_WORK INSTRUCTIONS:_ Could you copy the records below exactly, leaving out any pictures they include?

_DATA PROVIDED:_
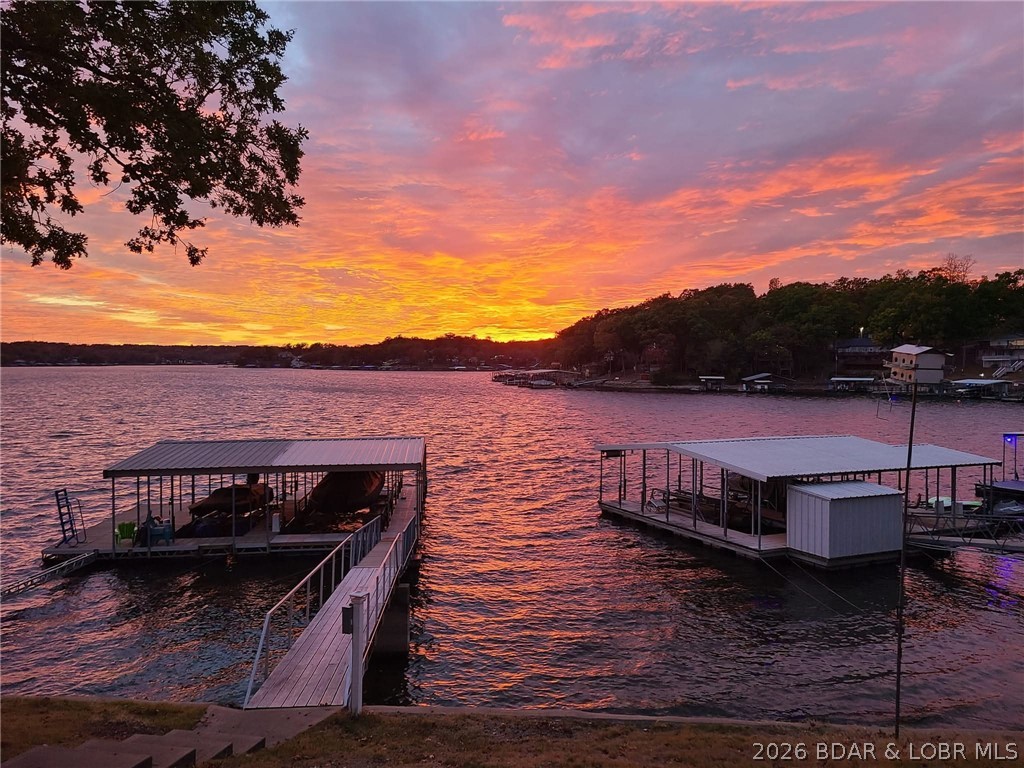 Lake living is easy in this beautiful home located in the highly desirable "O Road" area near Laurie at the 8MM of Lake of the Ozarks. Enjoy spectacular main channel views, as well as multiple outdoor living spaces. With paved roads all the way and just one step into the home from outside or the attached garage, access is easy. The main level features an open concept kitchen, dining, & large living room space with fireplace, primary bed and bath, & an expansive four-season room overlooking your lakefront. A Trex deck just off the kitchen & dining area provides the perfect spot to relax and take in the view. Upstairs, two guest bedrooms share a Jack-and-Jill bath & overlook the main living area below. The walkout lower level offers a large family room space with wet bar & updated half bath. Step outside to a covered patio with built-in seating that spans the length of the home. Just a few steps from the patio, you'll find a concrete dock with 14x36 and 10x26 slips, each with newer lifts along with a lounging area with wet steps to add to the lake fun. Whether you're looking for a full-time residence, weekend retreat, or short term rental, this home is ready for your  adventures!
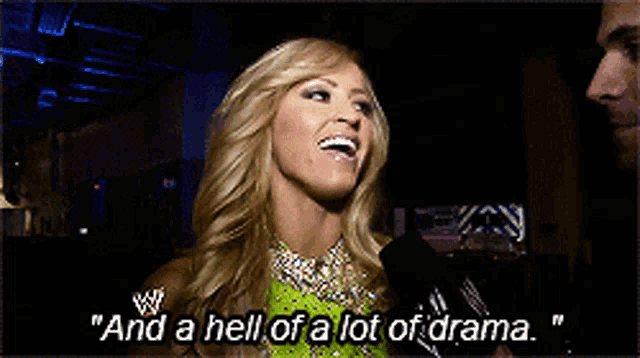 a woman says " and a hell of a lot of drama " in front of a microphone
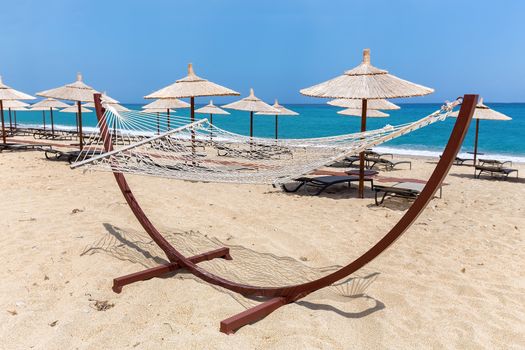 Hammock with beach umbrellas and loungers at greek coast with sea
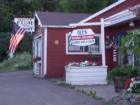 Newago's Fish Market and Oly's.  Oly's is touted as "Wisconsin's Northernmost Barber Shop & Salon".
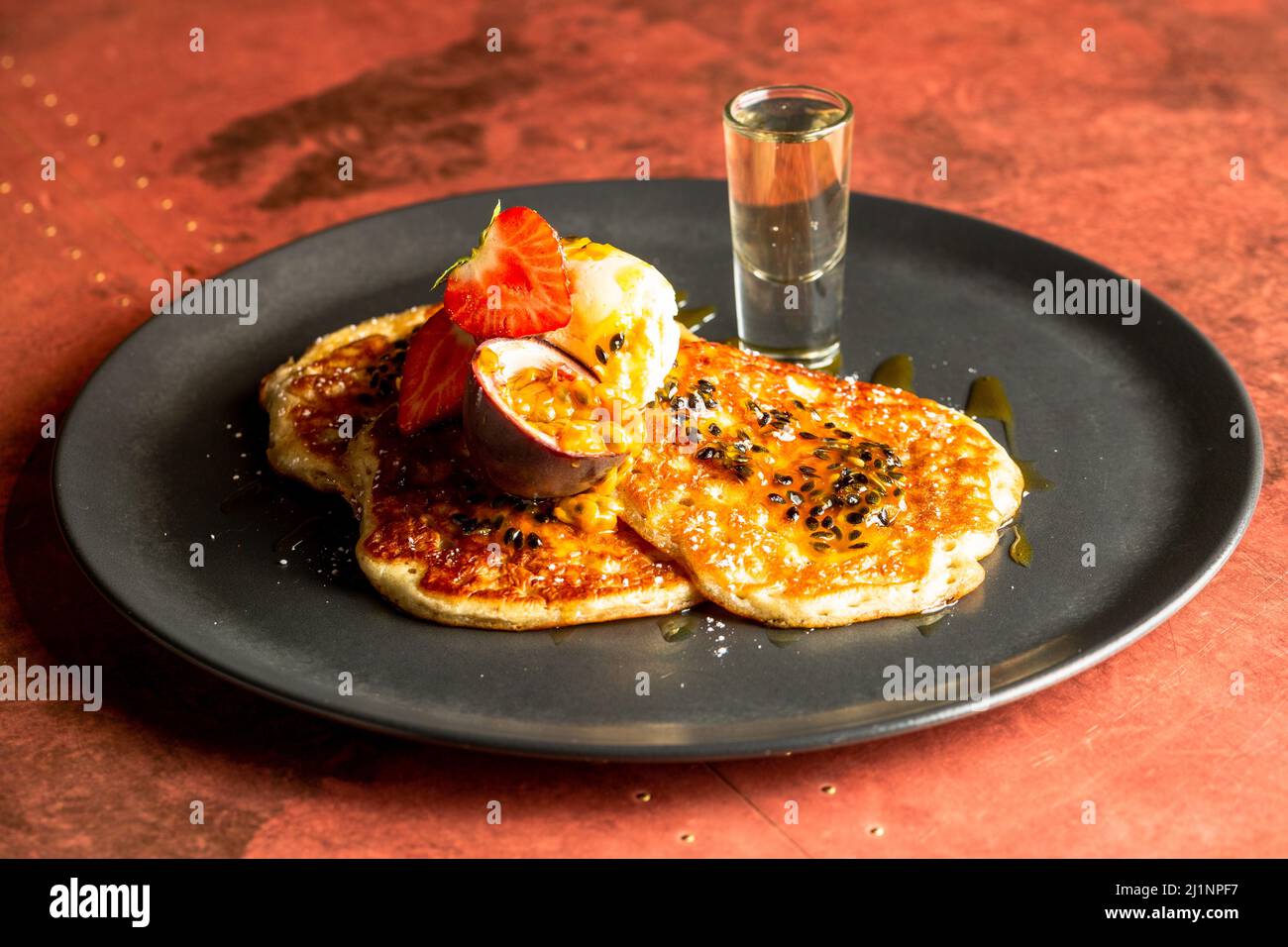 Un primo piano di pancake con fragole, frutto della passione e gelato servito su un piatto nero Foto Stock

_OUTPUT FOR THIS EXERCISE:_
 Lake living is easy in this beautiful home located in the highly desirable "O Road" area near Laurie at the 8MM of Lake of the Ozarks. Enjoy spectacular main channel views, as well as multiple outdoor living spaces. With paved roads all the way and just one step into the home from outside or the attached garage, access is easy. The main level features an open concept kitchen, dining, & large living room space with fireplace, primary bed and bath, & an expansive four-season room overlooking your lakefront. A Trex deck just off the kitchen & dining area provides the perfect spot to relax and take in the view. Upstairs, two guest bedrooms share a Jack-and-Jill bath & overlook the main living area below. The walkout lower level offers a large family room space with wet bar & updated half bath. Step outside to a covered patio with built-in seating that spans the length of the home. Just a few steps from the patio, you'll find a concrete dock with 14x36 and 10x26 slips, each with newer lifts along with a lounging area with wet steps to add to the lake fun. Whether you're looking for a full-time residence, weekend retreat, or short term rental, this home is ready for your  adventures!
 a woman says " and a hell of a lot of drama " in front of a microphone
 Hammock with beach umbrellas and loungers at greek coast with sea
 Newago's Fish Market and Oly's.  Oly's is touted as "Wisconsin's Northernmost Barber Shop & Salon".
 Un primo piano di pancake con fragole, frutto della passione e gelato servito su un piatto nero Foto Stock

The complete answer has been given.